Les fonds vautours profitent de l’occasion paradoxalement favorable que leur offre la mise en œuvre de l’Initiative Ppte censée alléger le lourd fardeau de la dette sur les pays pauvres, pour les pressurer. L’effacement des dettes publiques et multilatérales concernées par l’Initiative rendant relativement solvables les pays qui en sont éligibles, les vautours les considèrent comme à même de rembourser leurs autres dettes qu’ils ont auparavant rachetées à des créanciers publics comme privés. Ensuite, ils ont à leur bénéfice le droit anglo-saxon qui régit la plupart des contrats internationaux. Non seulement il stipule que la vente de créances est libre de toute contrainte pour un créancier, mais encore fait primer l’obligation de rembourser une dette sur toute autre considération, et autorise la levée de l’immunité sur les avoirs et biens d’un Etat débiteur qui ne respecterait pas ses engagements. Les vautours ne se font pas prier pour acculer les pays dont ils ont racheté la dette, pour la leur faire payer, capital, intérêts courus et frais de justice compris.
Ce que font les fonds vautours, ce n’est ni plus ni moins que de l’extorsion de fonds sur des économies pauvres par des voies dont la légalité reconnue est des plus discutables. Leurs pratiques enfoncent d’autant plus injustement les pays qui en souffrent dans la spirale de la pauvreté et de l’endettement qu’ils les obligent finalement à payer, dans la plupart des cas, plus qu’ils ne devaient à leur créanciers originels. En plus du fait qu’un audit convenable des vieilles dettes dont il s’agit prouverait assurément qu’elles ont été, depuis bien longtemps, remboursées à plusieurs fois leur valeur réelle.
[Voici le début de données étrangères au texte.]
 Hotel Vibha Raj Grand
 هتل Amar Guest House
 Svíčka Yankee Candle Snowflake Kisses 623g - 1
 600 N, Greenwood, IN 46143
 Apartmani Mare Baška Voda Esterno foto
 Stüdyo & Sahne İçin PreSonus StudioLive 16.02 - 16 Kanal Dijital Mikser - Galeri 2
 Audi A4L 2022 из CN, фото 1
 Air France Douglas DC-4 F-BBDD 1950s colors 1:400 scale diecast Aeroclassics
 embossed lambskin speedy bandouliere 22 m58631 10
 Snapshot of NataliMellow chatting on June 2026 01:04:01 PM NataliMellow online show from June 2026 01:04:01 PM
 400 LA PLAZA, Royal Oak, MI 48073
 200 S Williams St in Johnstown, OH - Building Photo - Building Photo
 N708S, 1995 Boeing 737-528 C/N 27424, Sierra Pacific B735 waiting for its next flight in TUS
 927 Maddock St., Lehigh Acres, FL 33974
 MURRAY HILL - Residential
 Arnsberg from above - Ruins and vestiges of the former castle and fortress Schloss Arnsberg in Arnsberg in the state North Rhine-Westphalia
La question qui se pose aujourd’hui est de savoir que faire pour s’extirper des griffes des vautours. Une solution a été avancée par la Banque africaine de développement, à travers l’institution d’une « Facilité africaine de soutien juridique », un fonds doté d’un budget de 20 millions de dollars, comme annoncé lors des assemblées annuelles qui se sont tenues, en mai 2009 à Dakar, et mis en place le mois d’après, à Tunis. Elle est destinée à apporter une assistance juridique internationale aux pays membres de la Banque en butte aux fonds vautours. Mais cela ne suffit point. Assistés juridiquement ou pas, ces Etats sont dans l’impossibilité d’échapper totalement à leurs rets. A la limite, l’initiative, certes appréciable, de la Bad ne servira qu’à réduire les montants à payer, ou à annuler des procédures si des actes corrupteurs sont derrière. Mais la saignée continuera.
Il convient d’aller plus loin encore, au travers d’une législation qui stipulerait que les titres de créances relatifs aux financements acquis dans le cadre de la coopération pour le développement sont incessibles et les crédits s’y rapportant sont insaisissables. Elle dénierait aux fonds vautours le droit de traîner devant des juridictions internationales des Etats souverains qui sont, de fait, libres de faire juger tout litige sur leur patrimoine matériel et immatériel par leurs tribunaux compétents.